__Information given__
·····
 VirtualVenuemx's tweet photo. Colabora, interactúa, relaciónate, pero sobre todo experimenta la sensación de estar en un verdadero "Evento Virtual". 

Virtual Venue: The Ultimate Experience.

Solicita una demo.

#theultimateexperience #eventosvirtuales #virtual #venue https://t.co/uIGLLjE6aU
·····
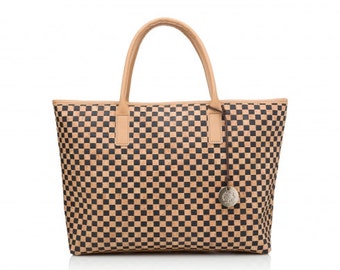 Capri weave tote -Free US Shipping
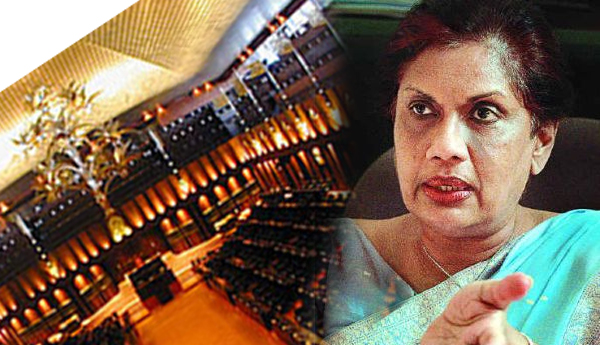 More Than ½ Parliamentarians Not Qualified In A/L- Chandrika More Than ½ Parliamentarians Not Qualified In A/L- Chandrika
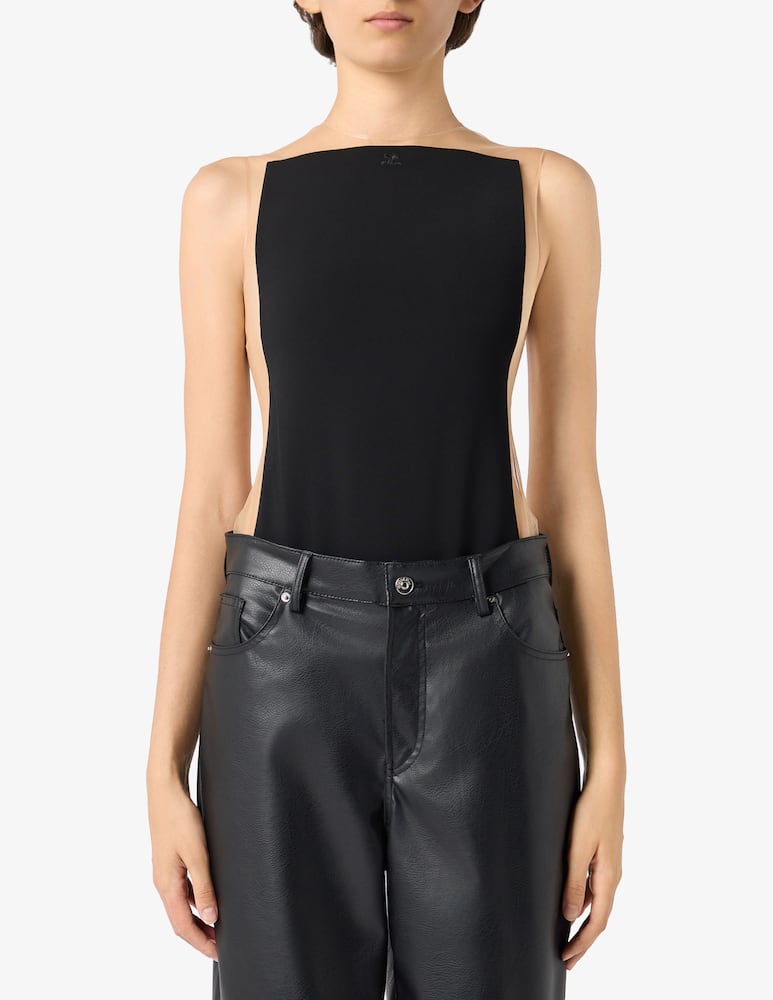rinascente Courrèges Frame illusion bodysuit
·····
Only the lines above starting at the line that holds "VirtualVenuemx's tweet photo." and ending at the line that holds "#theultimateexperience #eventosvirtuales #virtual" are to be repeated, exactly and in full.

 VirtualVenuemx's tweet photo. Colabora, interactúa, relaciónate, pero sobre todo experimenta la sensación de estar en un verdadero "Evento Virtual". 

Virtual Venue: The Ultimate Experience.

Solicita una demo.

#theultimateexperience #eventosvirtuales #virtual #venue https://t.co/uIGLLjE6aU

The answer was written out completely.